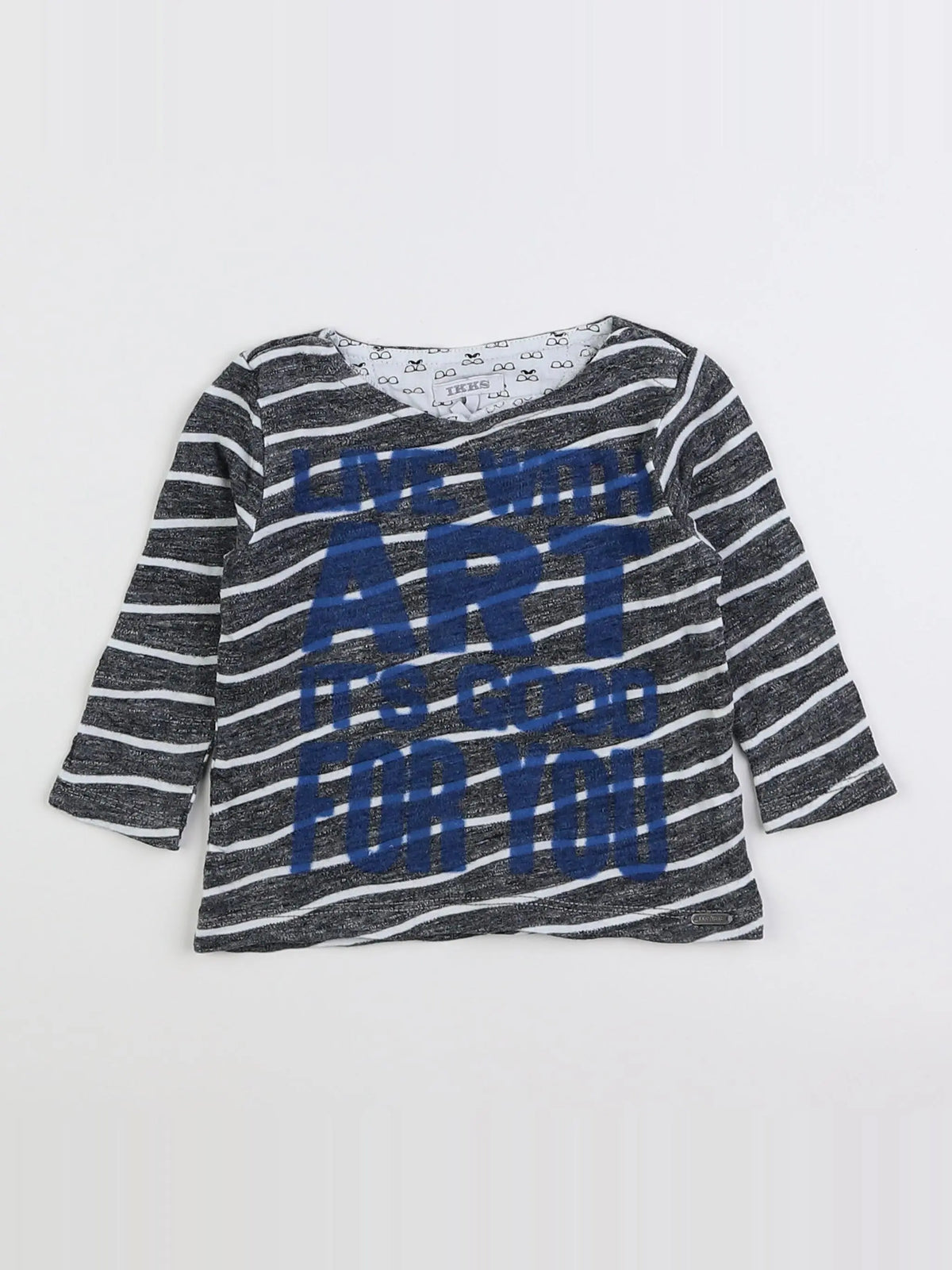 IKKS - tee-shirt gris, bleu - 6 mois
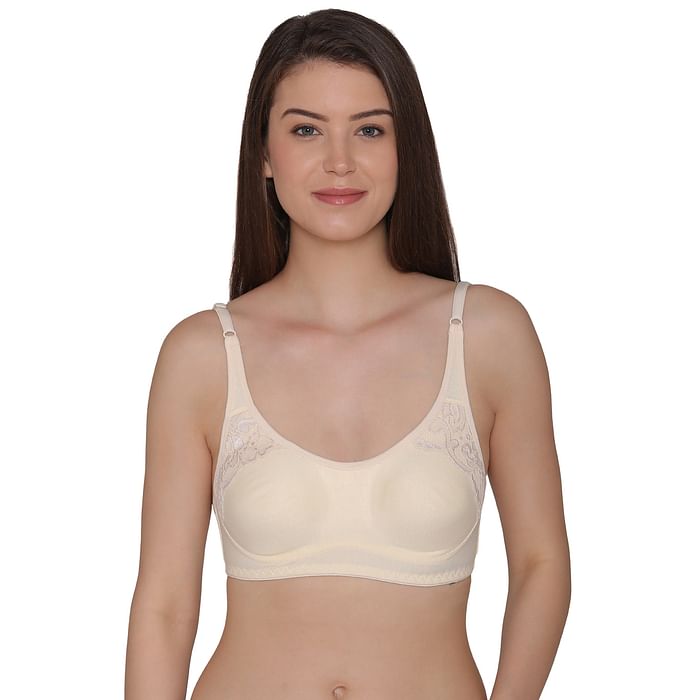 

Clovia Non-Padded Non-Wired Full Coverage Bra with Lace In Nude - Cotton Rich - BR1816P24, Nude-colour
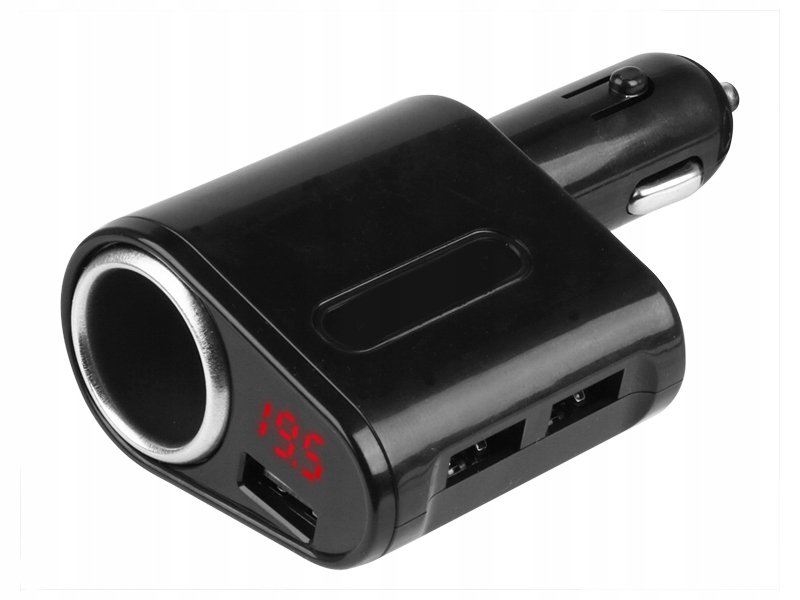 ŁADOWARKA Z WOLTOMIERZEM 3xUSB GNIAZDO EURO 12/24V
------------------------
#### Activity
Transcribe all the data word for word; the images stay out.

#### Written solution
 IKKS - tee-shirt gris, bleu - 6 mois

Clovia Non-Padded Non-Wired Full Coverage Bra with Lace In Nude - Cotton Rich - BR1816P24, Nude-colour
 ŁADOWARKA Z WOLTOMIERZEM 3xUSB GNIAZDO EURO 12/24V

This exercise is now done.